Zimbabwean Indigenization Minister Saviour Kasukuwere said Tuesday it is ‘regrettable” that his economic empowerment program has been seized upon by some political parties as an election issue, responding to criticism of the program by Prime Minister Morgan Tsvangirai saying it is a ZANU-PF scheme that is driving investors away.
Addressing reporters in Harare on Tuesday, Kasukuwere accused un-named political parties of politicizing the indigenization process ahead of expected 2012 elections.
Mr. Tsvangirai has lately come out more strongly in opposition to the indigenization drive, declaring at a rally Sunday in Marondera, capital of Mashonaland East province, that his Movement for Democratic Change formation "totally opposes" the initiative.
Kasukuwere, of the ZANU-PF party of President Robert Mugabe, expressed surprise at Mr. Tsvangirai's statements, saying the prime minister endorsed indigenization in Cabinet deliberations. He suggested that Mr. Tsvangirai was in an electoral campaign mode when he made the comments in Marondera on the weekend.
Nonetheless, Kasukuwere acknowledged Mr. Tsvangirai's seniority and said he saw no reason not to attend an inter-ministerial meeting called by Mr.
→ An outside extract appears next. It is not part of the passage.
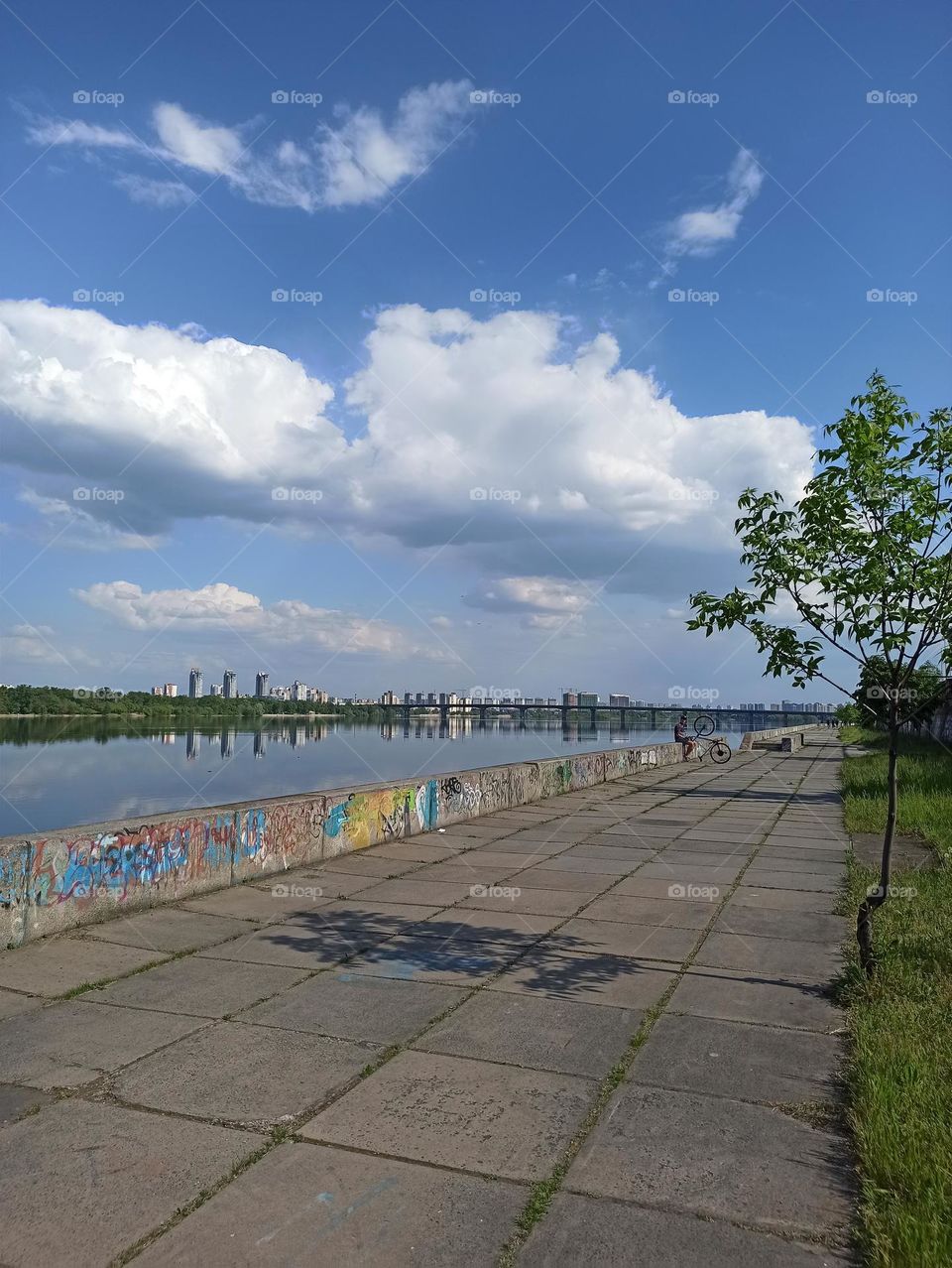 urban nature: plants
Tsvangirai later this month to examine the potential impact of indigenization on the economy.
Elsewhere, Kasukuwere encouraged unnamed banks that he said have not complied with economic empowerment regulations to make sure they obeyed the law. He warned that failure to do so would result in heavy penalties.
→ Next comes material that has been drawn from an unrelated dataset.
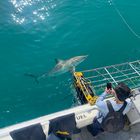 Great White Shark - White Shark Projects - Xplorio™ Gansbaai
He said the government is also targeting certain banks because they are not making enough loans to farmers, which he said is hurting agricultural production.
Some banks have argued that the 99-year leases granted by the government to farmers under the land reform program do not provide sufficient loan collateral.
Political analyst Walter Nsununguli Mbongolwane told reporter Sithandekile Mhlanga that Prime Minister Tsvangirai should have anticipated that ZANU-PF would manipulate the indigenization program from which ordinary zimbabweans are unlikely to benefit.